“If we should restrict guns to prevent gun violence, why not also ban trucks and vans to prevent vehicular attacks?”
It’s a sarcastic refrain commonly used by the gun lobby to argue against gun control, and one that U.S. President Donald Trump made sure to invoke during his address to at Friday’s NRA convention in Dallas, Texas.
Speaking at the powerful gun lobby’s annual showpiece event for the fourth consecutive year, Trump appeared to reference the April 23 van attack in Toronto to support his argument.
“It seems that if we’re going to outlaw guns like so many people want to do… you know what I’m going to say, we are going to have to outlaw immediately all vans and all trucks, which are now the new form of death for the maniac terrorists, right?” Trump said to a chorus of cheers.
“They take a truck and they run over eight people and wound 16 like what happened in New York — and what just happened.
“So let’s ban immediately all trucks, all vans, maybe all cars. How about cars? Let’s not sell any more cars.”
It was one of several traditional pro-gun arguments brought up by Trump in his attempt to woo the NRA — the group spent $30 million on his presidential campaign, but expressed concerns about some of his utterances about gun control in the wake of the school shooting in Parkland, Fla.
Trump’s pro-gun rhetoric also comes as Republicans look to midterm elections in November. “You gotta get out and vote,” he told NRA members on more than occasion.
WATCH: Trump discusses Parkland, Florida school shooting during NRA speech
Several pro-gun activists have sought to use the Toronto van attack to deride arguments for gun control.
Guy Morin, vice president of the Quebec-based gun lobby group Tous contre un registre Quebecois des armes à feu (United against a Quebecois gun registry), tweeted this cartoon of a van depicted as a firearm.
The morning after the attack, the Bellevue, Wash.-based Citizens Committee for the Right to Keep and Bear Arms (CCRKBA) issued a press release sarcastically suggesting that rental vans should now be referred to as “assault weapons,” given that guns such as AR-15 and AK-47 rifles are referred to by that moniker.
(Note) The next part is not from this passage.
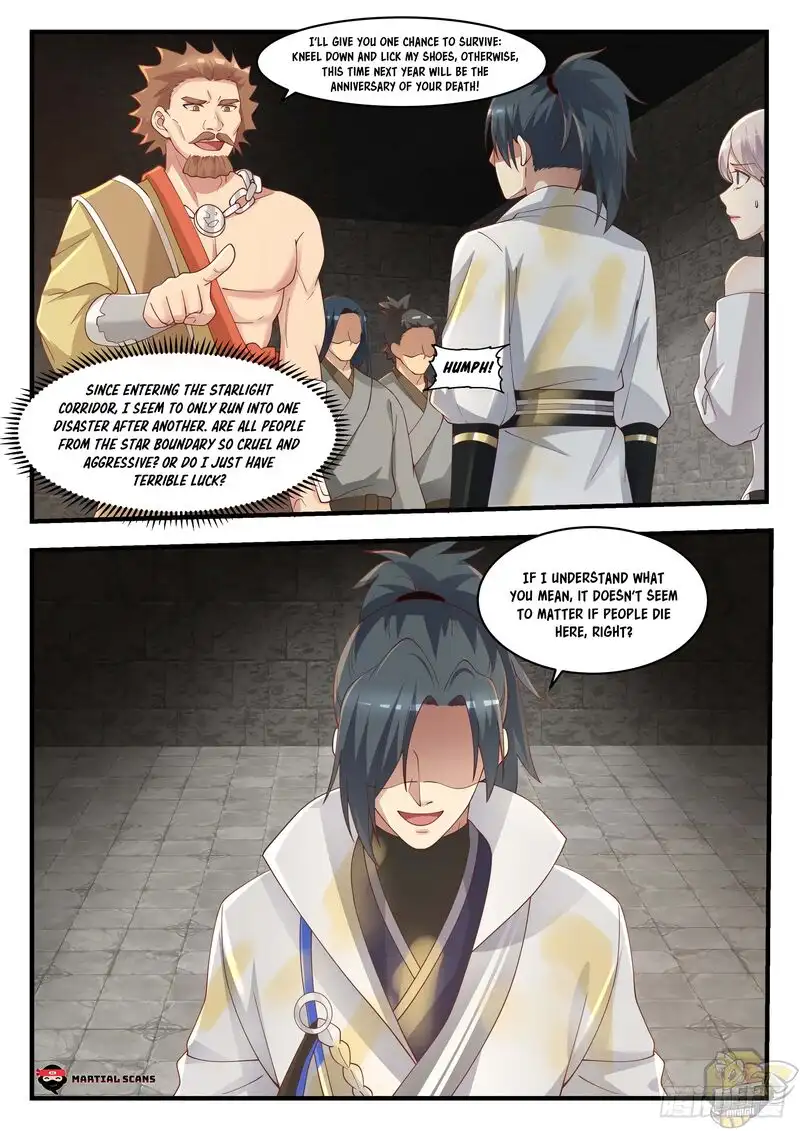 Martial Peak Chapter 1560 page 1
“What happened in Toronto Monday was a horrible tragedy. Fatal vehicle attacks have been increasing,” said CCRKBA chairman Alan Gottlieb. “If a gun had been the weapon instead of a vehicle, all of those would have been mass shootings.
“How should we define an ‘assault vehicle’?… once we define them, should we ban them, require special training to operate them, or just raise the age limit to buy or rent one? Or is the problem the individual driver, rather than the equipment he turns into a weapon? Once you realize how absurd it is to call a car an ‘assault weapon,’ you see the lunacy of defining, and then banning, so-called ‘assault rifles.'”
Conservative news outlet The Patriot Post also published an article suggesting that if the Toronto attacker had killed with a gun, “we’d be hearing calls to ban the tool he used rather than address the underlying issue,” while popular pro-gun blog Bearing Arms opined that the Toronto attack proves that bad people will always find a way to kill people, and that gun control won’t help matters.